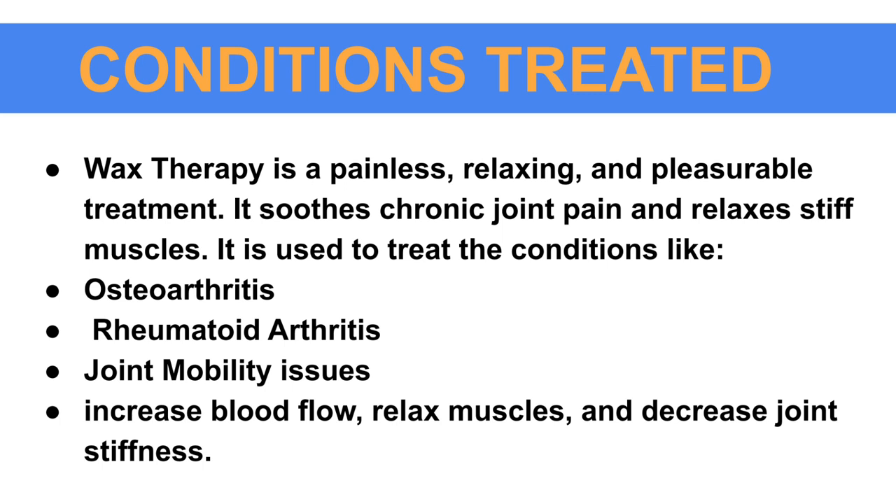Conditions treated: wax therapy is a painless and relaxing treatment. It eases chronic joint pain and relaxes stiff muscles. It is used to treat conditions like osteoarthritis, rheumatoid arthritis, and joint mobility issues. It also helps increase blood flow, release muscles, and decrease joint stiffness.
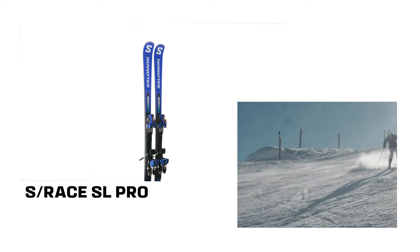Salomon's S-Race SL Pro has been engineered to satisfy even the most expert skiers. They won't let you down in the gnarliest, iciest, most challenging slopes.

━━━━━━━━

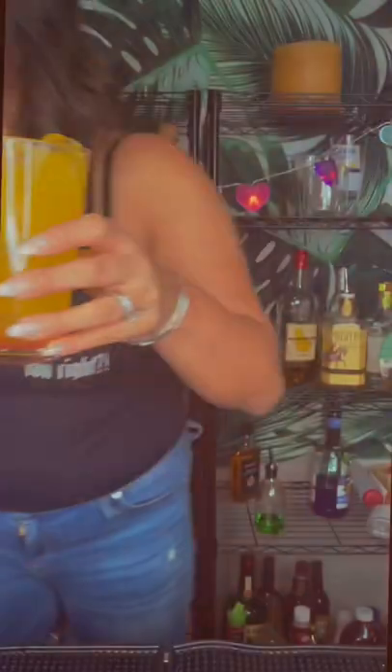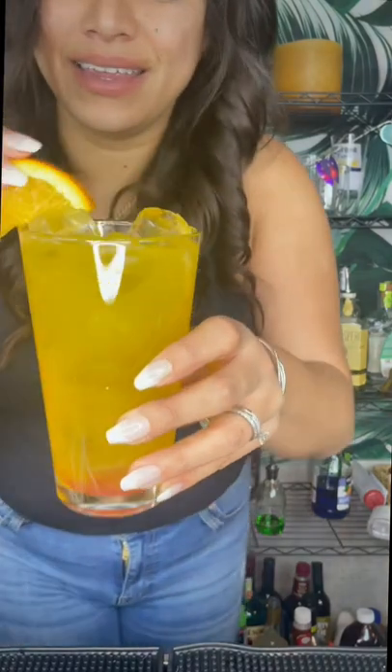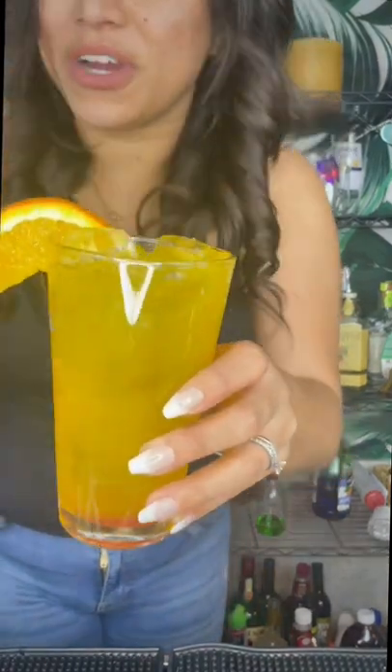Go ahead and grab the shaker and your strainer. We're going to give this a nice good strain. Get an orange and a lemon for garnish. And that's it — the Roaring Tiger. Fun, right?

━━━━━━━━

• Required action: Using the data above, set down each line from the line with "Conditions treated: wax" to the line with "Salomon's S-Race SL" exactly, both ends included, and leave the pictures behind. Nothing else belongs.

• Answer section:
Conditions treated: wax therapy is a painless and relaxing treatment. It eases chronic joint pain and relaxes stiff muscles. It is used to treat conditions like osteoarthritis, rheumatoid arthritis, and joint mobility issues. It also helps increase blood flow, release muscles, and decrease joint stiffness.
Salomon's S-Race SL Pro has been engineered to satisfy even the most expert skiers. They won't let you down in the gnarliest, iciest, most challenging slopes.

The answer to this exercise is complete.